Analysts are assessing the impact of the zero-remittance campaign that certain overseas Filipino workers (OFWs) groups have launched, even as it has yet to reflect on stock market prices.
An economist said since OFW remittances are a vital source of dollar for the Philippines. It is hard to estimate the impact of the reported protest action as it would depend on how representative it of total remittances.
A major source of remittances is the United States. In general, OFW remittances are around $3 billion a month. The effectiveness of the action can be measured against that.
Total remittances in 2024 reached $38.84 billion for the entire year. That breaks down to around $105 million per day on average.
Converted, the amount goes as high as P5.9 billion a day.
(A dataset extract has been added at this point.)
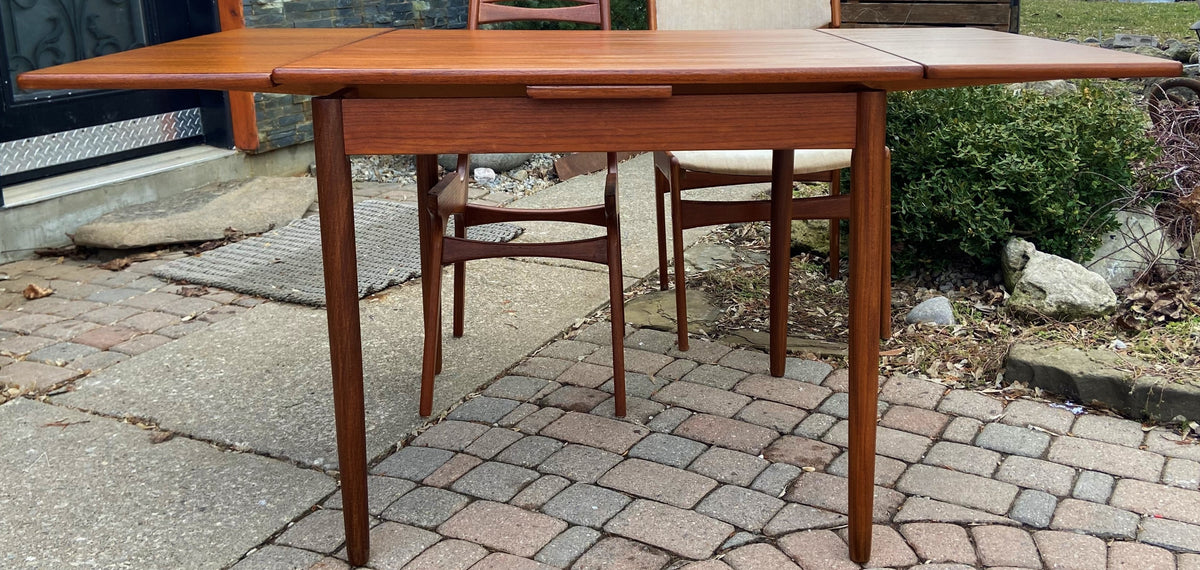 REFINISHED Danish Mid Century Modern Teak Table Draw Leaf, 33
Bank of the Philippine Islands (Bpi) chief economist Jun Neri said if remittance inflows dry up substantially, economic growth could be dragged down since it’s a major driver of household consumption.
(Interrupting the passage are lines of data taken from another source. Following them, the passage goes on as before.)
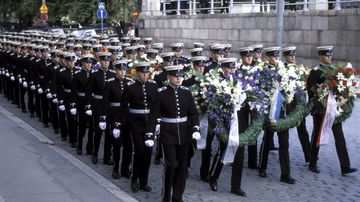 Urho Kekkosen hautajaiset. Kadetit marssivat hautajaissaattueessa Senaatintorille.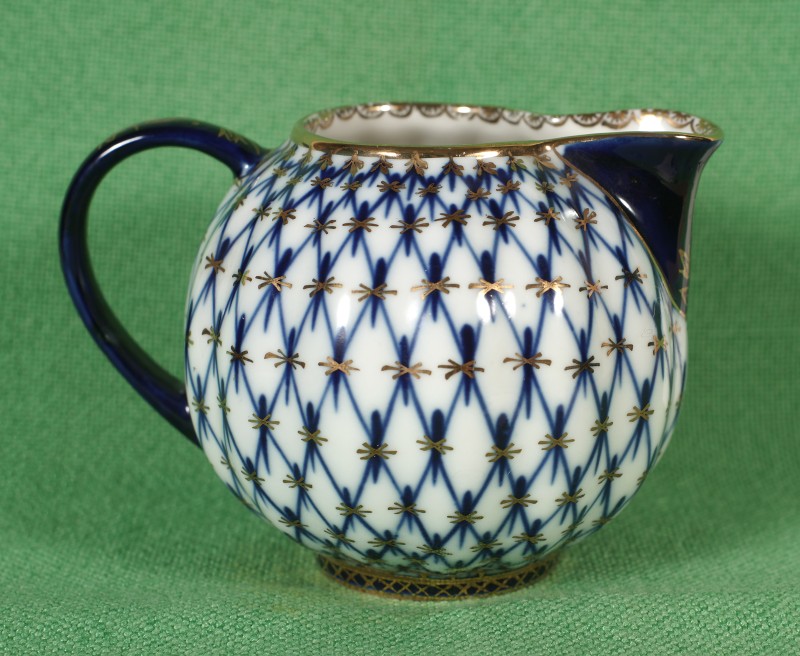 Молочник з сервізу «Кобальтова сітка». Форма «Тюльпан»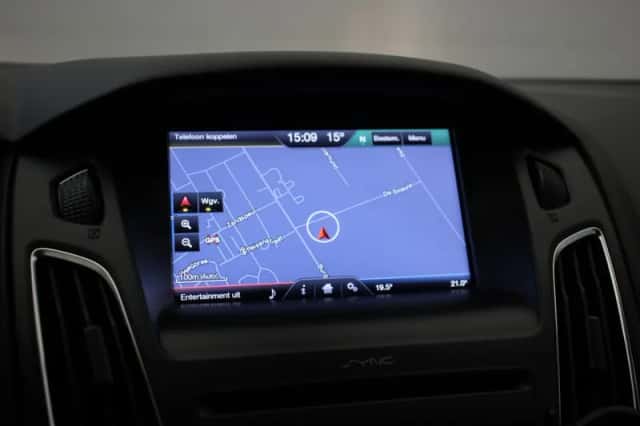 Ford Focus (2015) thumbnail 5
“The Bangko Sentral ng Pilipinas could also hike its policy rate for lenders if the peso-US dollar rate hits 60 per dollar,” according to Neri.
“Non-sending of remittances is a very big if. We don’t know the spokesperson who said this and if that plan is really representative of the OFW community. A lot of them work in the United States and we don’t know if they air this statement or are adequately represented,” according to the analyst.
“Personally I doubt that can happen, especially if the remittances pay for their children’s tuition fees.”
BPI strategist Marco Javier said, however, it will be hard to convince those who are paying amortizations for home and auto loans to suspend remittances. “Their credit standings might be put at risk.”
Making good of the threat will also increase the need for more dollar borrowings. “Our external debt is already more than $130 billion,” Javier added.
A remittance boycott by OFWs would undoubtedly disrupt the Philippine economy, with effects ranging from immediate household income losses to broader pressures on the peso and GDP.
A short-term action such as one week, would likely be a symbolic shock, painful but manageable, while a prolonged boycott could push the economy toward a deeper slowdown.
The real impact would hinge on participation levels and duration, but even a partial boycott would underscore the OFWs’ indispensable role in the nation’s economic fabric, according to an economist.